By Associate Member Barry Chodak

How often do you hear Republican pundits calling for the party to be a Big Tent? Do you have any idea what that is? Whose agenda will it forward? Who, in particular, will this Big Tent mantra benefit? Why am I so confident that this approach will not succeed and will only distract us from what is happening around us?

The answer lies in the nature of man – the nature that our Founders were far more aware of than those of us today. They had been contending with the administration of laws, rules and regulations that had been created over centuries to maintain control over the populace. They could see what we are just beginning to see as our lot if we don’t find a way to win the inevitable and predictable battle.

Present day Democrats didn’t sit down and create a long-term goal. They didn’t need to. All that was needed was enough time for the pieces to fall in place. The pieces included wealth concentrated in a small group, cartel like control over main stream media, an echo chamber in our academic institutions of people who believe they know [and are] better; powerful administrative agencies that are easily captured by those over whom they hold sway; and a political class that we allowed to be separated from the people they represent and that has taken on the role I would call the business of governing.

Can you see that the common element – the human element in all this – is the desire for power and control? This is not a condemnation of the desire, rather it is something we need to be aware of so we can limit its impact. It should be obvious that the goal of all bureaucrats is to make their role more important. The same is true of most academics, seeking recognition for their ideas while silencing their critics. The goal of business moguls is to carve out a protected niche, one that they can own and control. And the goal of our political elite is to grow the business of government, enjoying the goodies while keeping us subservient.

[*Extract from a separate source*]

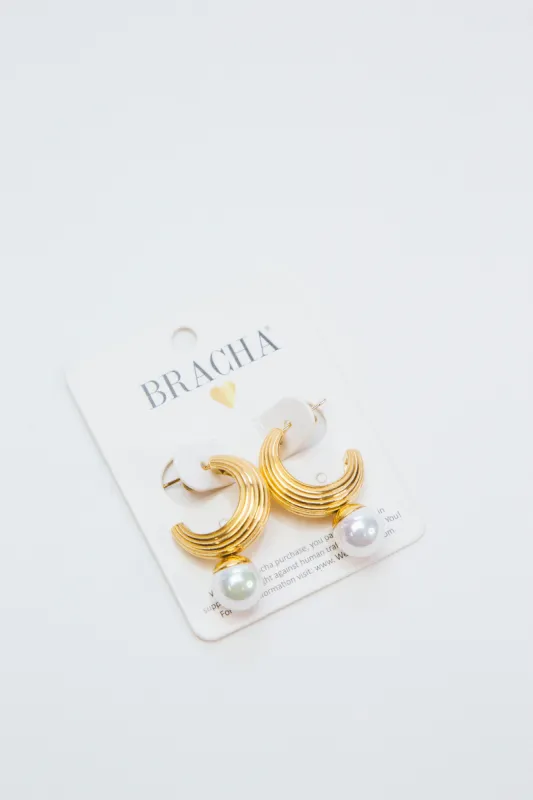Lana Pearl Earrings, Gold | BRACHA sold by North & Main Clothing Company
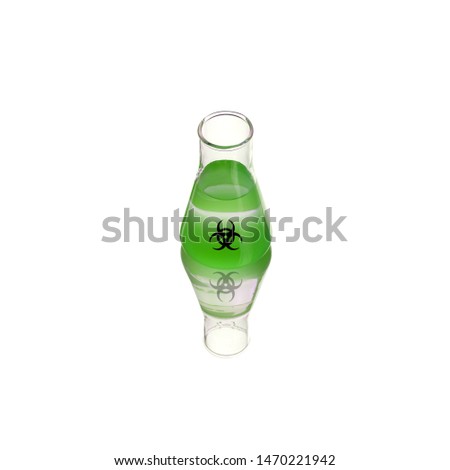 Flask biohazard green poison on a green background. Poison, danger symbol. Chemical experiment. Medical illustration. Biohazard icon. Scientific research, medical technology.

Anecdotally, put yourself in a community of a hundred people looking for someone to manage trash collection. In that small community, everyone knows who is capable and who is not. So, the first czar of the trash will be a competent, well intentioned actor. Now let us picture the inevitable succession to the thrown (pun intended.) As the years pass and the community grows, the selection of the next czar is no longer the person everyone knows as competent. Instead, it will evolve into a position that is selected by the outgoing czar. Can you see where this is going? Picture trash collection in New York City.

Even the rank and file who work within these groups are motivated by the same desire for power and control. Notice how many misfits and sociopaths become policemen and soldiers, as well as ranking members of the three letter agencies. In politics, who are the people who work hard to curry favor and get chosen to be the next office holder? Is that not the case in our agencies?

What we are facing now is neither an accident nor an example of the wisdom of a small cadre of political elites. It is the combined result generated by numerous individuals just like us who have used their collective skills to concentrate power in smaller and smaller groups.

If you are thinking of this as a perfect storm, then the warning is to be selective in who you trust. Consider the two elements of trust: ability and sincerity. In the words of Lord Acton:

Power tends to corrupt, and absolute power corrupts absolutely. Great men are almost always bad men, even when they exercise influence and not authority. There is no worse heresy than that the office sanctifies the holder of it.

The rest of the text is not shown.